On Anthropic’s Project Glasswing and Claude Mythos Preview

Anthropic:

We formed Project Glasswing because of capabilities we’ve observed in a new frontier model trained by Anthropic that we believe could reshape cybersecurity. Claude Mythos2 Preview is a general-purpose, unreleased frontier model that reveals a stark fact: AI models have reached a level of coding capability where they can surpass all but the most skilled humans at finding and exploiting software vulnerabilities.

Mythos Preview has already found thousands of high-severity vulnerabilities, including some in every major operating system and web browser. Given the rate of AI progress, it will not be long before such capabilities proliferate, potentially beyond actors who are committed to deploying them safely. The fallout—for economies, public safety, and national security—could be severe. Project Glasswing is an urgent attempt to put these capabilities to work for defensive purposes…

We do not plan to make Claude Mythos Preview generally available, but our eventual goal is to enable our users to safely deploy Mythos-class models at scale—for cybersecurity purposes, but also for the myriad other benefits that such highly capable models will bring. To do so, we need to make progress in developing cybersecurity (and other) safeguards that detect and block the model’s most dangerous outputs. We plan to launch new safeguards with an upcoming Claude Opus model, allowing us to improve and refine them with a model that does not pose the same level of risk as Mythos Preview.

Claude Mythos Preview, by every benchmark, is not a normal large language model. It consistently scores way above its peers in coding, reasoning, and computer use. It probably is the most intelligent model ever made; even the maintainers of FFmpeg, a media framework used by every video hosting site on the internet, thought its code was written by humans. I think the term “artificial general intelligence” is largely marketing, but if it were defined as a program that consistently outperforms humans, Mythos is AGI for coding.

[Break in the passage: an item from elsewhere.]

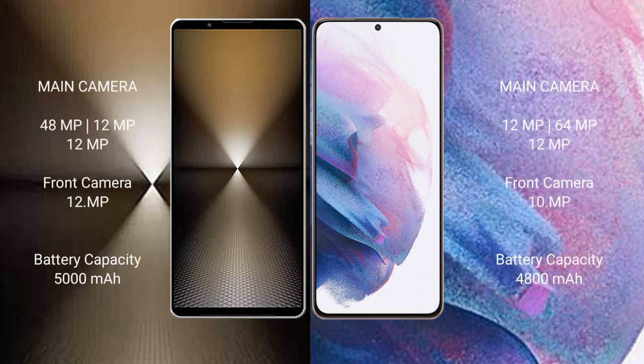Sony Xperia 1 Mark 6 rear features a triple camera setup: 48MP plus 12MP plus 12MP, and a front camera of 12MP. Samsung Galaxy S21 Plus rear also features a triple camera setup: 12MP plus 64MP plus 12MP, and a front camera of 12MP.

It has discovered decades-old security vulnerabilities in a matter of days, and even figured out ways to string together multiple vulnerabilities to form novel, sophisticated attacks. Mythos is unique.

Knowing this, it doesn’t come as a shock that Anthropic determined this model is not safe for public use. In fact, Anthropic knows it will never be safe for the public, but it also knows that models like Mythos will be available in the market in the next few months. There are hundreds of researchers at OpenAI, Google, and most worryingly, the Chinese labs, hard at work on building models similar to Mythos, and they will succeed. But Anthropic made a Mythos-class model first, and in line with its mission statement of building safe artificial intelligence, it seeded it to a handful of technology companies to make all user-facing software impenetrable. Software safety is a fleeting goal — no software will ever be free of vulnerabilities or bugs — but Anthropic wants to ensure that the vulnerabilities a Mythos-class model could exploit are patched before such a model becomes public.

Anthropic, through this experiment — which the company calls “Project Glasswing” — also wants to understand how to constrain the model. Obviously the lab will, in a few months, publish Claude Opus 5 and Claude Sonnet 5, its next generation of pre-trained models that will probably come close to Mythos’ capabilities. OpenAI is also working on GPT-5.5, a freshly pre-trained model set to excel in coding and logic work beyond any current frontier model. These advancements are coming imminently, and Anthropic must figure out how to develop guardrails that the models cannot overcome. They must themselves be aligned with human interests and be safe enough not to obey malicious commands. And all of this must be done before the open-weight models catch up, both to remain competitive (remember the DeepSeek meltdown) and to let more security researchers prevent attacks.

This is a gargantuan, worrisome task. I’m not of the opinion that AI will take over the world anytime soon — as I have written many times, I think the humans in charge of the AI labs are far more dangerous than the technology itself, which seems fairly aligned with human interests. But I am worried that the open-weight labs will catch up too quickly, before major tech companies can fully address the vulnerabilities in their software. If, say, DeepSeek were to produce an open-weight, Mythos-level model before the industry patches the vulnerabilities Mythos surfaces, a malicious state-sponsored actor could launch major attacks on Western infrastructure. With the Pentagon’s bird-brained leadership, not even the U.S. government can serve as a line of defense. These attacks are already, in some ways, taking place now.

This is all quite concerning. The solution to this is for the private sector to make the best use of Mythos in the next few months, before this technology becomes mainstream. And everyone should update their software and open-source libraries, especially government agencies, big and small. But I guess this is what we wanted — “AGI.”